(Excerpted records begins)
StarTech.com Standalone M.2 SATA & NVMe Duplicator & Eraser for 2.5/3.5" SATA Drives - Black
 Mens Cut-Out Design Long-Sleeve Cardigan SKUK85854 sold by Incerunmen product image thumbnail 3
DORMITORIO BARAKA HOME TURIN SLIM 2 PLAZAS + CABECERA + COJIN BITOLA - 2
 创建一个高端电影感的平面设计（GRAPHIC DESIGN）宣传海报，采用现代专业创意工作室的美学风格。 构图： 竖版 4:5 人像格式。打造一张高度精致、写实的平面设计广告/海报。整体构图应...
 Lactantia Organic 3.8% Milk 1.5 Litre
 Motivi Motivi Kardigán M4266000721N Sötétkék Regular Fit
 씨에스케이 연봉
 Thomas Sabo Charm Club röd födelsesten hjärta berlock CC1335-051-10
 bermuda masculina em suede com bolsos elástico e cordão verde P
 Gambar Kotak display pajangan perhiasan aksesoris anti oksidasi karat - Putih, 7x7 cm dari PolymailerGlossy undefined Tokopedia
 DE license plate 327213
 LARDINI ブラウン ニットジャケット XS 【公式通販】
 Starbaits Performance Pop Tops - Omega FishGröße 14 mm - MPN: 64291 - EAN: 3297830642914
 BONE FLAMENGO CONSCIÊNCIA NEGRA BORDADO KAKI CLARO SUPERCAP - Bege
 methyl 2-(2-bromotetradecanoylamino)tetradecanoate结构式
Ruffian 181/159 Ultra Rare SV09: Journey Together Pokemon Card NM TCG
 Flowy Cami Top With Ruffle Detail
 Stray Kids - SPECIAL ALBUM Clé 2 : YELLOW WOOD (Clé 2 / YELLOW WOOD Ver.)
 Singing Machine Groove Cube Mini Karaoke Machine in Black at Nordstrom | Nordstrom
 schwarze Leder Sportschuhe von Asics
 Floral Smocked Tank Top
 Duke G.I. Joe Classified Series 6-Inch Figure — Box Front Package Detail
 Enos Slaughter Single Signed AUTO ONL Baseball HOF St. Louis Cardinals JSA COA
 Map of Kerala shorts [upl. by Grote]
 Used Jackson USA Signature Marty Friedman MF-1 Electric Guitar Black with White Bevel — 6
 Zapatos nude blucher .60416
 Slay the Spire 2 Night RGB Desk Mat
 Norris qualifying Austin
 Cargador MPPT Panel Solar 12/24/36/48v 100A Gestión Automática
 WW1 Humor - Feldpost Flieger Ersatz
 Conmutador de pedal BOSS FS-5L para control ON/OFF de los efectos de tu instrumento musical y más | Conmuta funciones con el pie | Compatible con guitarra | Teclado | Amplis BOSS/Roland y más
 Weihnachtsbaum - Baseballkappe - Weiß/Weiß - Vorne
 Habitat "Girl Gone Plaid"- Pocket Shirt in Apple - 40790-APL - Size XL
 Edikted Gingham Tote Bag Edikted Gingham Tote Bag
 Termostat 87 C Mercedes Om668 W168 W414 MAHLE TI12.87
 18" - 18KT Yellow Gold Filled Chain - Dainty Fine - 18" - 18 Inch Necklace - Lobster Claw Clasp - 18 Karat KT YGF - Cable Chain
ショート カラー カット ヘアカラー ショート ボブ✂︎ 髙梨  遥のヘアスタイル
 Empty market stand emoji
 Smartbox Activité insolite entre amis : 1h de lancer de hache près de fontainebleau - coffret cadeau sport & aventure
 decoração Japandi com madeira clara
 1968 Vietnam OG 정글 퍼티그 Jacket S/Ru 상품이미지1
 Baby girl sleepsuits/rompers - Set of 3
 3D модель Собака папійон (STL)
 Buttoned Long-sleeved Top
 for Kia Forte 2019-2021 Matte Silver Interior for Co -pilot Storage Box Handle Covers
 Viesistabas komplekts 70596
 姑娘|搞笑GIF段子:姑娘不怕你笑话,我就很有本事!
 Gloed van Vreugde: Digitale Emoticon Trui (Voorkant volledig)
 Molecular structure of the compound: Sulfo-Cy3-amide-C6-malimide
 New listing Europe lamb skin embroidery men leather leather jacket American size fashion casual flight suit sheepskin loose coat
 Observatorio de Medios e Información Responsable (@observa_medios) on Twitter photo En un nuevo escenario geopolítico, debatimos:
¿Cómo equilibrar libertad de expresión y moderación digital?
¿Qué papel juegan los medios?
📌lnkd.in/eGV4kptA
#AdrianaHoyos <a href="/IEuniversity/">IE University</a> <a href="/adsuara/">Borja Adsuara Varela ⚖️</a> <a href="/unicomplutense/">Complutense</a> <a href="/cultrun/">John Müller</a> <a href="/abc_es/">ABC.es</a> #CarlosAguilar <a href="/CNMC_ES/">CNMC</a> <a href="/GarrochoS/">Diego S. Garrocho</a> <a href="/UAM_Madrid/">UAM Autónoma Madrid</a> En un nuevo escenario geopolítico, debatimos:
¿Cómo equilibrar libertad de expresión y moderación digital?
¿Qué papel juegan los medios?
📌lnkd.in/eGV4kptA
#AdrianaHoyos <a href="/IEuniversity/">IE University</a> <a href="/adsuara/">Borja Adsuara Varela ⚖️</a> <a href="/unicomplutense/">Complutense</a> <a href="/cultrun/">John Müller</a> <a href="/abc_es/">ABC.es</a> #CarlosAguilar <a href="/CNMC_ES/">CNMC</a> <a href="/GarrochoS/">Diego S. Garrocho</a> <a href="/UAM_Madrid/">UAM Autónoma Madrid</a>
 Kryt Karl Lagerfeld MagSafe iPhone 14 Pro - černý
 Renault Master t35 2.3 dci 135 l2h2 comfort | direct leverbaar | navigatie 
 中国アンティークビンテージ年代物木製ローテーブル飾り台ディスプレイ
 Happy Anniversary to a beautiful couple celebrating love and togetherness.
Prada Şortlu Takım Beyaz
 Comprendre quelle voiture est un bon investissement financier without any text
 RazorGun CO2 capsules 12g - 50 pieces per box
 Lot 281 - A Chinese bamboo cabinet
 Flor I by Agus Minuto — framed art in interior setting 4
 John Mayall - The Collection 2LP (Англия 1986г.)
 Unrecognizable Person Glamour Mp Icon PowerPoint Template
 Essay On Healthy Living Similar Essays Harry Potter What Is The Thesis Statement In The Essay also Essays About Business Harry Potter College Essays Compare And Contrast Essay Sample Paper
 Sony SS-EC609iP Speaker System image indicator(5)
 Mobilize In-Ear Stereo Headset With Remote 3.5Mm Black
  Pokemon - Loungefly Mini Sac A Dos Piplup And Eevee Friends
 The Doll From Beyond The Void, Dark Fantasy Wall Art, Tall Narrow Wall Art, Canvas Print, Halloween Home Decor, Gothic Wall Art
(Excerpted records ends)
Your task —
Output each line exactly, from the first line of the data down to the line that contains "Floral Smocked Tank Top", both included.

Answer section —
StarTech.com Standalone M.2 SATA & NVMe Duplicator & Eraser for 2.5/3.5" SATA Drives - Black
 Mens Cut-Out Design Long-Sleeve Cardigan SKUK85854 sold by Incerunmen product image thumbnail 3
DORMITORIO BARAKA HOME TURIN SLIM 2 PLAZAS + CABECERA + COJIN BITOLA - 2
 创建一个高端电影感的平面设计（GRAPHIC DESIGN）宣传海报，采用现代专业创意工作室的美学风格。 构图： 竖版 4:5 人像格式。打造一张高度精致、写实的平面设计广告/海报。整体构图应...
 Lactantia Organic 3.8% Milk 1.5 Litre
 Motivi Motivi Kardigán M4266000721N Sötétkék Regular Fit
 씨에스케이 연봉
 Thomas Sabo Charm Club röd födelsesten hjärta berlock CC1335-051-10
 bermuda masculina em suede com bolsos elástico e cordão verde P
 Gambar Kotak display pajangan perhiasan aksesoris anti oksidasi karat - Putih, 7x7 cm dari PolymailerGlossy undefined Tokopedia
 DE license plate 327213
 LARDINI ブラウン ニットジャケット XS 【公式通販】
 Starbaits Performance Pop Tops - Omega FishGröße 14 mm - MPN: 64291 - EAN: 3297830642914
 BONE FLAMENGO CONSCIÊNCIA NEGRA BORDADO KAKI CLARO SUPERCAP - Bege
 methyl 2-(2-bromotetradecanoylamino)tetradecanoate结构式
Ruffian 181/159 Ultra Rare SV09: Journey Together Pokemon Card NM TCG
 Flowy Cami Top With Ruffle Detail
 Stray Kids - SPECIAL ALBUM Clé 2 : YELLOW WOOD (Clé 2 / YELLOW WOOD Ver.)
 Singing Machine Groove Cube Mini Karaoke Machine in Black at Nordstrom | Nordstrom
 schwarze Leder Sportschuhe von Asics
 Floral Smocked Tank Top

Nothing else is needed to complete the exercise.